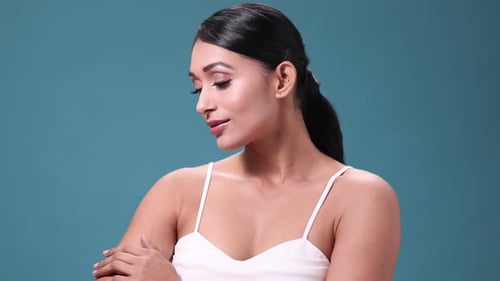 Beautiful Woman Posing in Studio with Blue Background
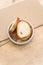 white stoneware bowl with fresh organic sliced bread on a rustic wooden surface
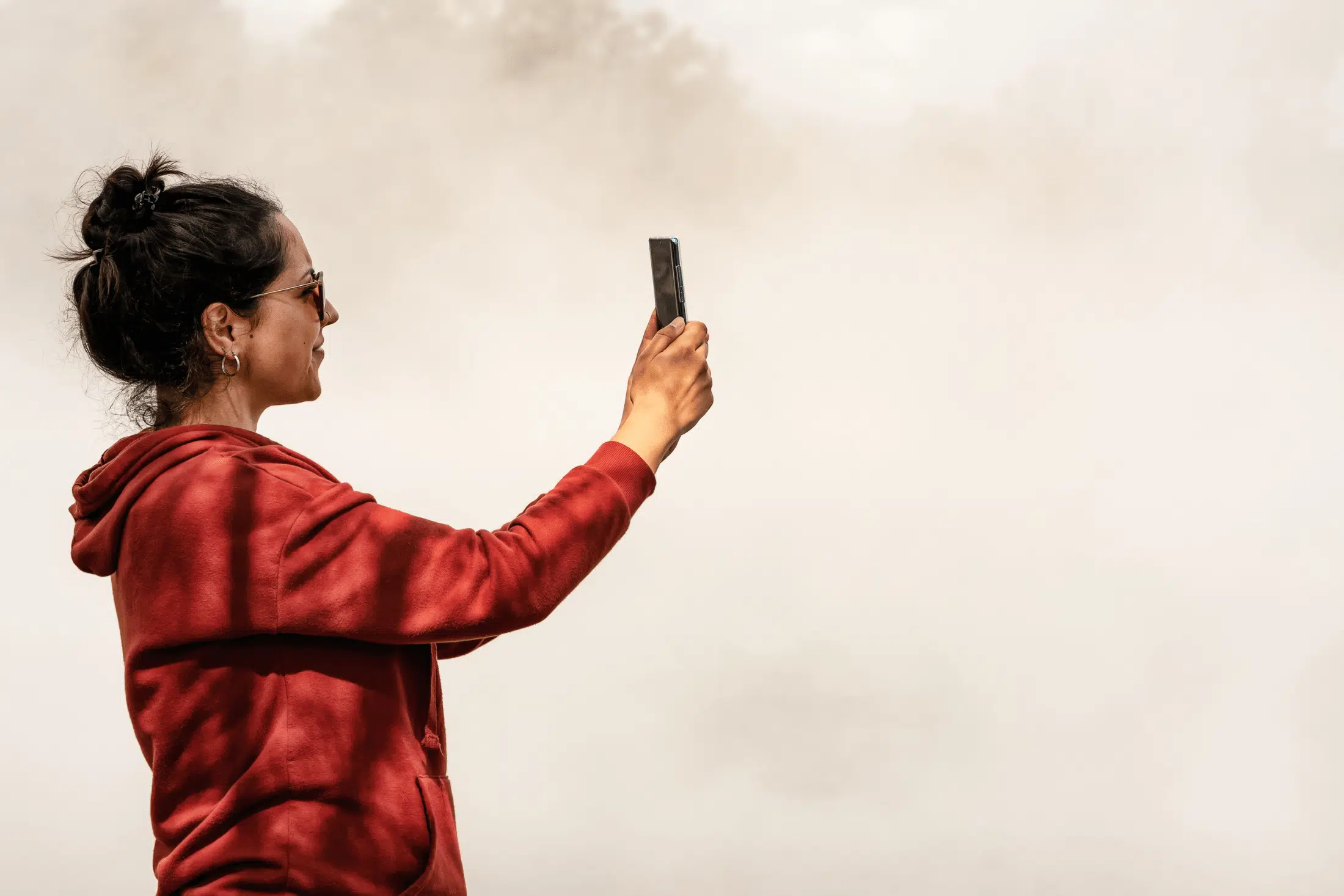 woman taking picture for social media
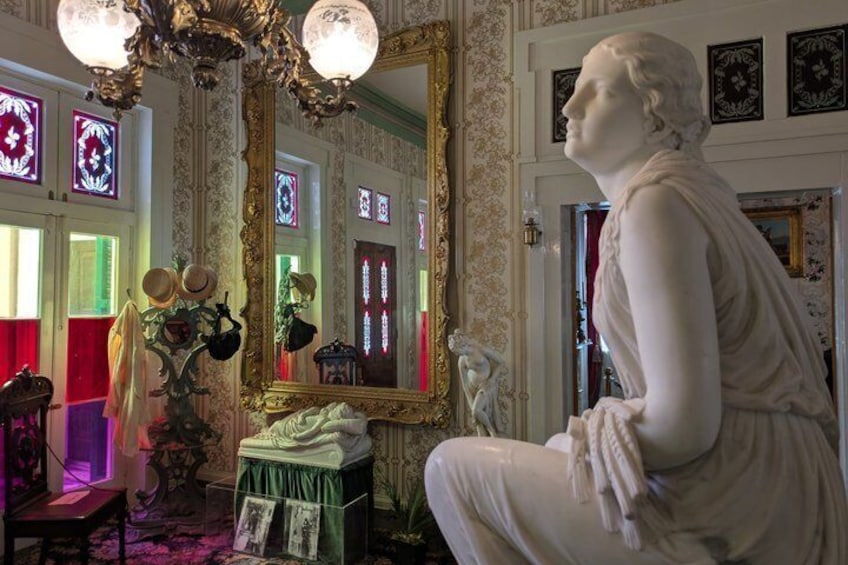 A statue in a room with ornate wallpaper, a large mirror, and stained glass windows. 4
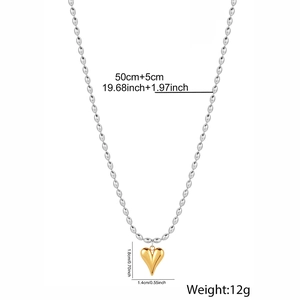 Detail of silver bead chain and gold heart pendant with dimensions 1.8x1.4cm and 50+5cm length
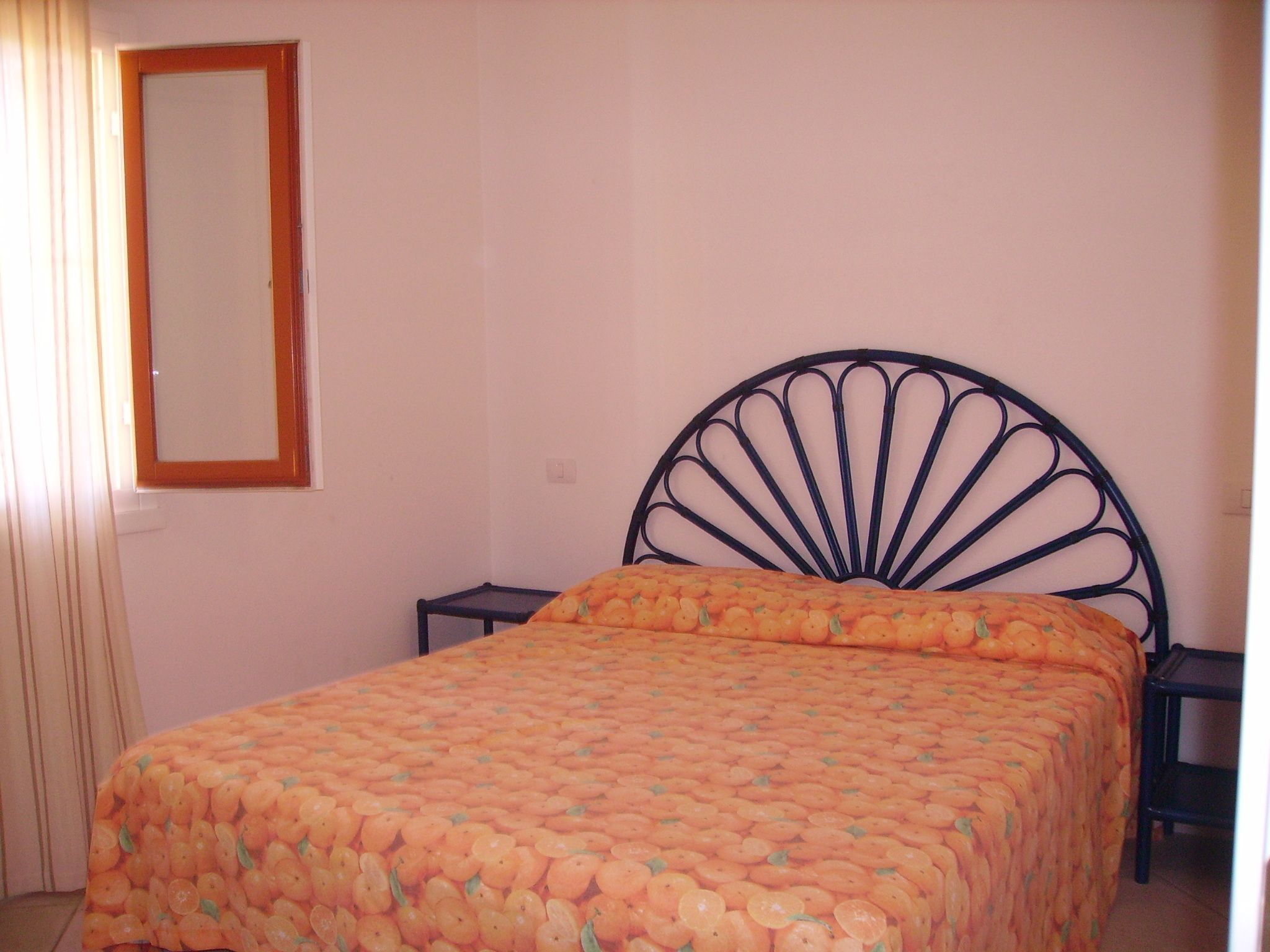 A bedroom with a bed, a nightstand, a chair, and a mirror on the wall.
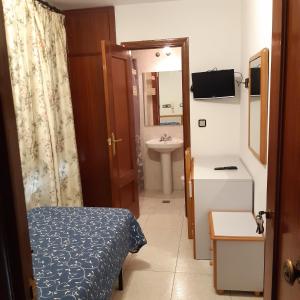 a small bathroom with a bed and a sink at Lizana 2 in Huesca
==
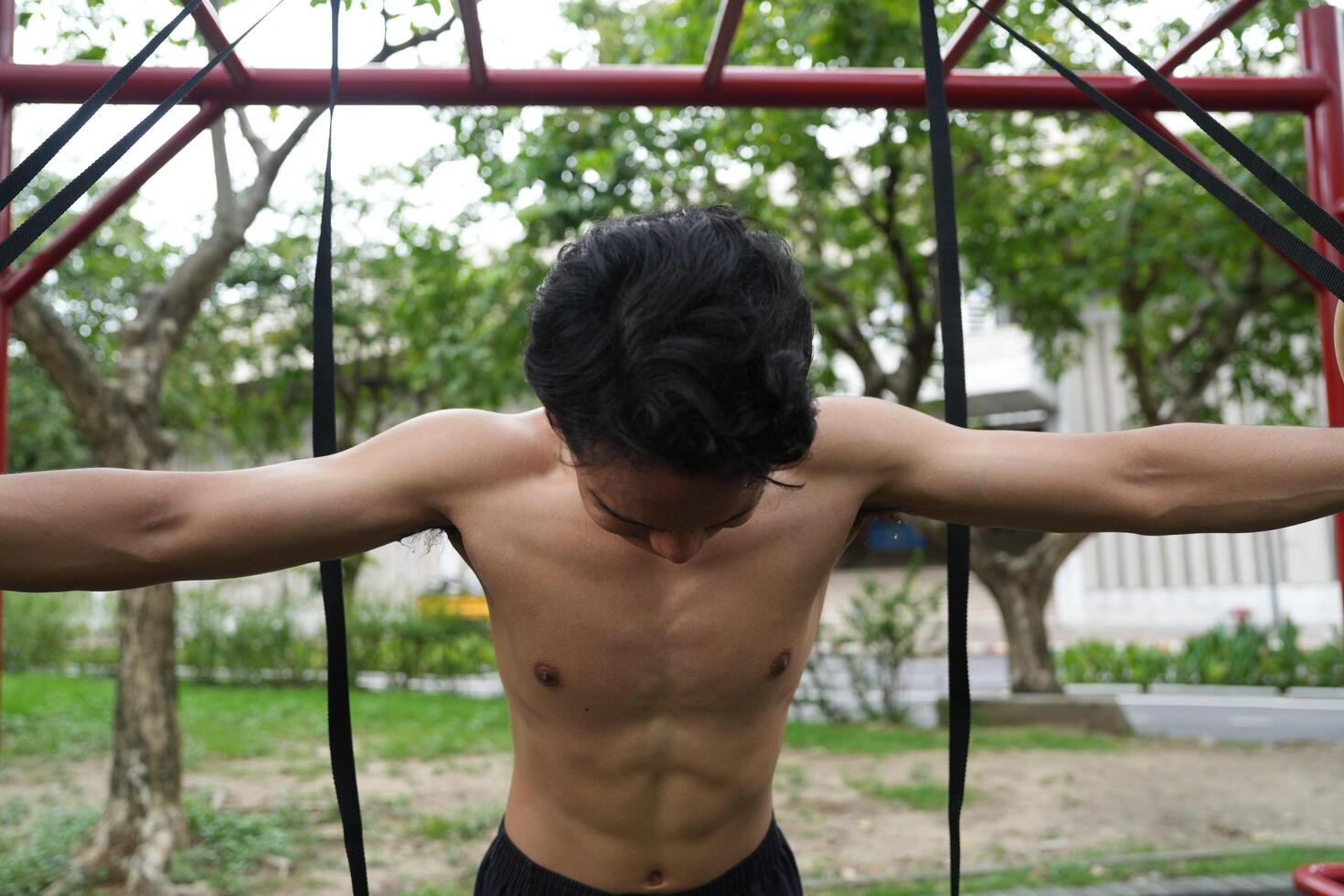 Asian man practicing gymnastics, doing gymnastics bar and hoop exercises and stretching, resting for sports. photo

Problem details: Repeat exactly the stretch of the listing above that starts with the line holding "A statue in" and finishes with the line holding "a small bathroom", both included. Skip every picture.

Answer for this exercise:
 A statue in a room with ornate wallpaper, a large mirror, and stained glass windows. 4
 Detail of silver bead chain and gold heart pendant with dimensions 1.8x1.4cm and 50+5cm length
 A bedroom with a bed, a nightstand, a chair, and a mirror on the wall.
 a small bathroom with a bed and a sink at Lizana 2 in Huesca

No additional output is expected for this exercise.